На берегу, где воздвигался дом, лес был далеко, а на другом — лесная гуща подступала прямо к воде. Чуть выше река делала изгиб, и все, что по ней плыло сверху, прибивало к огромному валуну, с которого спустили настил. Ходуня и Некоша с той стороны сбрасывали бревна с обрыва, и сильное течение, практически поперек русла, доставляло их в нужную точку. Сыз с другими стариками принимал бревна и укладывал на берегу. Закатывали по настилу все вместе — даже бабы участвовали, Гульна и Ростана — сестра Ходуни. На большую семью дом ставили солидный, толстостенный, леса не жалели. Как не жалели и спин своих.
Гульна и Ростана в то время были молодыми бабами — хоть каждый год два дитяти приносить могли. Ростана, конечно, безмужней горе мыкала, но северянские нравы, бабья тяга к мужчине-хозяину и заступнику, близость большого Поречного поселка отнюдь не хоронили ее заживо…
Недавняя потеря семьей главы, коим долгие годы являлся Ходуня, привела поселенцев в напряженное состояние. Светя с Щеком чего-то выжидали друг от друга; старики поддались печальному оцепенению; ребятня следила за всеми и болела сердцами за всех. Причиной сгущавшегося морока были не только кружившие где-то печенеги или разбойники, от которых время научило худо-бедно укрываться, а поречный баламут Остен, уговаривавший Щека уйти с ним…
Место, где сидел Светя, стало наполняться запахом смолистого дымка. Еще не прогретая печь возвращала половину дыма в избу, и он полупрозрачным киселем окутывал горницу.
Светя спустился вниз, глянул на расположившуюся на лавках подле печки ребятню, спросил Щека и вышел на улицу.
— Что видно сверху? — усмехнулся, завидев брата, Щек.
— Ты, верно, знаешь наперед, кого и когда ждать! — недовольно отрезал молодой глава.
— А мне нечего знать — ни сверху, ни снизу. По тебе ж выходит, что я — Вей-Ветерок… Ты — сын, а я — племяш. Твое дело — голова, а мое — в голове.
— Ты кипятись, да не брызгай… — немного тише, с родившимся откуда-то сердечным сочувствием проговорил старший брат.
Протекла минута молчания. Щек продолжал возиться с треснувшим полозом саней: он с силой отгибал острый край и определял, насколько глубока щель. Светя поглядывал поверх тына, вслушиваясь в любой звук, который мог бы нести тревогу, и ловил себя на мысли, что вот и наступил тот самый момент, сразу после смерти отца предсказанный ему матерью.
— Давно ль виделся с поречными? Остен не остыл ли?
Не оборачиваясь, Щек понял, что брат хочет выяснить между ними все здесь и сейчас, но ответил иронично — как, в общем, и всегда:
— Сегодня утром в лесу. Остен дровишки в наши сани укладывать мне помогал. Ишь, сколько — ажно полоз расщелился!

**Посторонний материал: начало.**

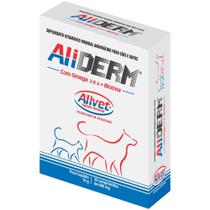 Suplemento Vitamínico Mineral Aminoácido para Cães e Gatos - Alivet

Светя немного успокоился обыкновенностью брата, но пытливого тона не изменил:
— И что Остен говорил о поганых? Иль тож, как и ты, не боится никого?
Щек уловил смягчение разговора, повернулся к брату лицом. Светя глянул вдаль своими прозрачными глазами, переступил с ноги на ногу и посмотрел в острые глаза брата. Щек ждал следующего вопроса, предвкушая свой быстрый, насмешливый ответ. Но Светя почувствовал, что сейчас должно сделать паузу, и отвел блеснувшие глубоким пониманием глаза. Младший брат, показывая резким движением, что оторван от работы, качнул перевернутые на бок сани на себя. Сани глухо тукнулись расслоившимся надвое полозом о снег. Щек взял небольшой плоский камень с множеством острых зазубрин и принялся ошкуривать принесенную из леса жердь. Светя же достал орехи и стал с нарочитым усердием громко разгрызать их. Щек взглянул на него, Светя на брата. Щек хотел сказать, что тот скоро останется без зубов, но сегодня утром, да и вчера, он эдак уже язвил и потому многозначительно промолчал. Светя, наблюдавший за братом, догадался, что повторения язвы не последует, и понимающие глаза его повеселели лукавыми искорками.